* **Exercise**:
Except for images, print the whole listing verbatim.

* **Data**:
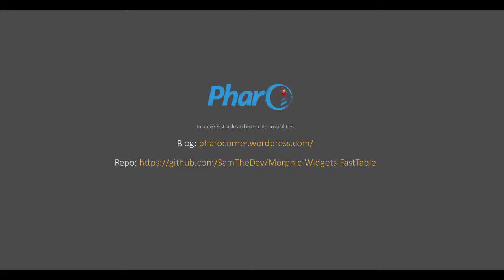For more information and in-depth details about my work, please check my Pharo Corner blog. The source code can also be found at the following GitHub repository and will be merged soon to the main image. Thank you.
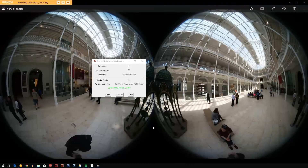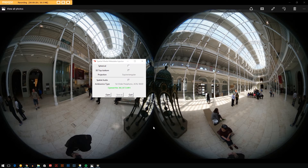Once you've taken your video from your camera and put it through the Action Director, created a 360 video out of it, you might want to do things to this video — add effects, splice it together with other videos, add a voiceover.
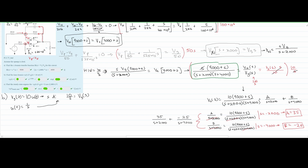Using the inverse Laplace transform rule e^(-at) ↔ 1/(S + a), we transform back to the time domain. The result is V0(t) = 35e^(-2000t) - 25e^(-4000t). Revealing the answer confirms: 35e^(-2000t) minus 25e^(-4000t) is correct.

* **Your response**:
For more information and in-depth details about my work, please check my Pharo Corner blog. The source code can also be found at the following GitHub repository and will be merged soon to the main image. Thank you.
Once you've taken your video from your camera and put it through the Action Director, created a 360 video out of it, you might want to do things to this video — add effects, splice it together with other videos, add a voiceover.
Using the inverse Laplace transform rule e^(-at) ↔ 1/(S + a), we transform back to the time domain. The result is V0(t) = 35e^(-2000t) - 25e^(-4000t). Revealing the answer confirms: 35e^(-2000t) minus 25e^(-4000t) is correct.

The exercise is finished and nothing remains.